Diese letzten Tage im Dezember und jene ersten des Januar, die eigentlich noch dem letzten Jahr gehören – jene Zeit zwischen den Jahren, die so aus der Zeit gefallen wirkt – diese Zeit lügt von Bewegungslosigkeit, davon, dass mit dem Sterben des Kalenders etwas enden würde, dass ein Einschnitt käme, das Ende eines Kapitels, vielleicht sogar eines Romans. Dass ich vollkommen neu beginnen könnte. Und ich falle jedesmal auf ihre vielversprechenden Märchen herein: Zwischen Weihnachten und den Drei Königen – diese Zeitspanne erscheint mir im Voraus jedes Mal eine Ewigkeit zu dauern, viel, viel länger als nur knappe zwei Wochen.

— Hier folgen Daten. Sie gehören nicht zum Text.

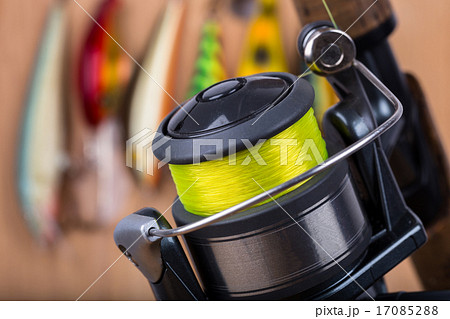 fishing bait wobbler and reel with line 17085288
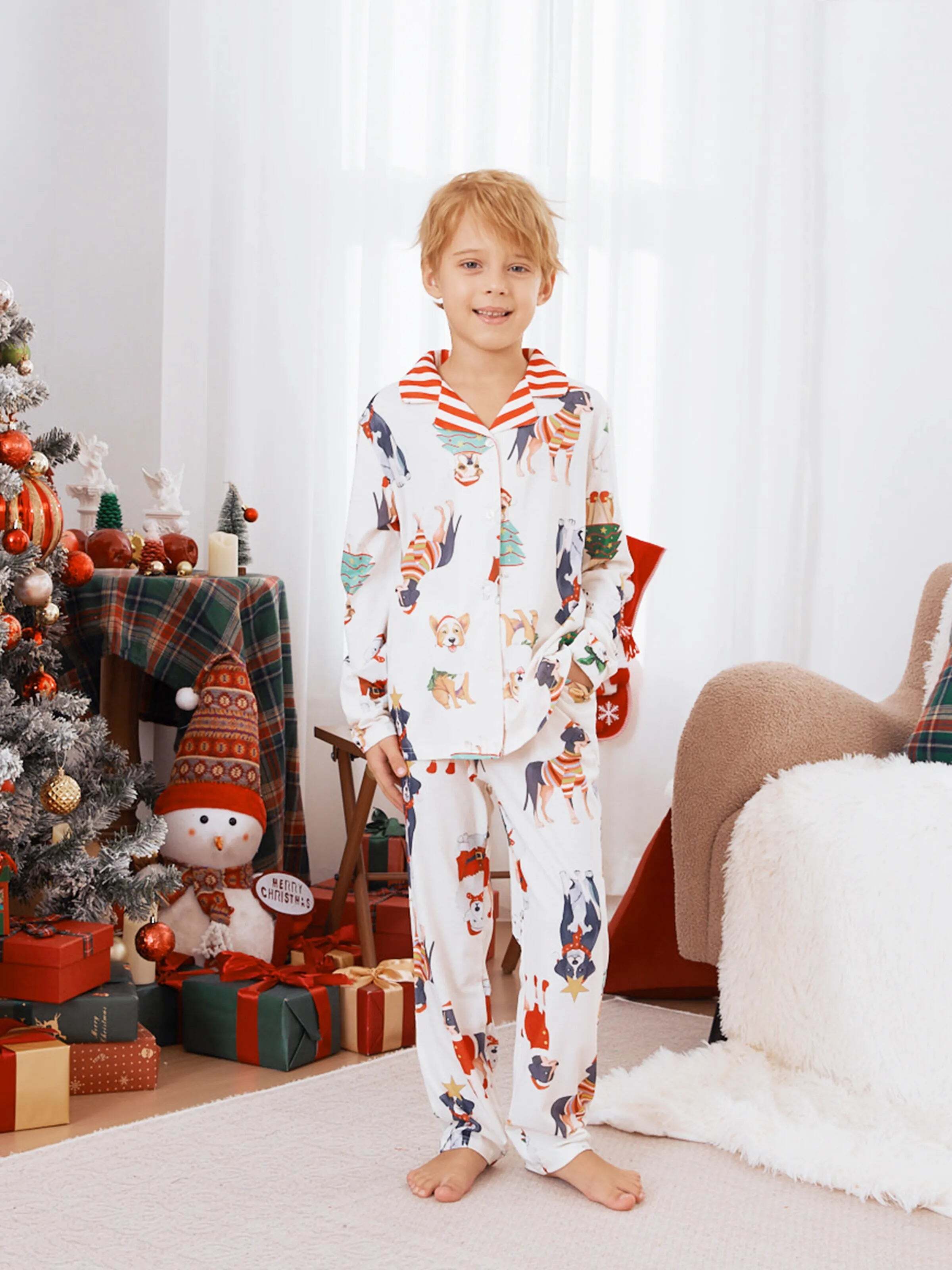Christmas Pajamas Family Matching Cute Xmas Dog Collared Pajamas Sets with Christmas Socks LightApricot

Und ich packe diese Tage voll, will Beziehungen pflegen, Liegengelassenes vollenden und mit meinen Weihnachtsgeschenken spielen. Doch allzu schnell ist auch dieses Stück Faden abgerollt – so verzweifelt ich mich auch an ihm festhalten will – und der Alltag zeigt sich von seiner dunkelsten, kältesten und schmuddeligsten Form: Es ist Januar, der schrecklichste, grausamste und längste aller Monate. Eine Drehung ist gemacht. Wieder einmal. Schnell verliert der neue Kalender Gewicht und ich wirble wieder etwas schneller um meine Achse.

Ich wünsche allen ein gutes neues Jahr. Macht was draus.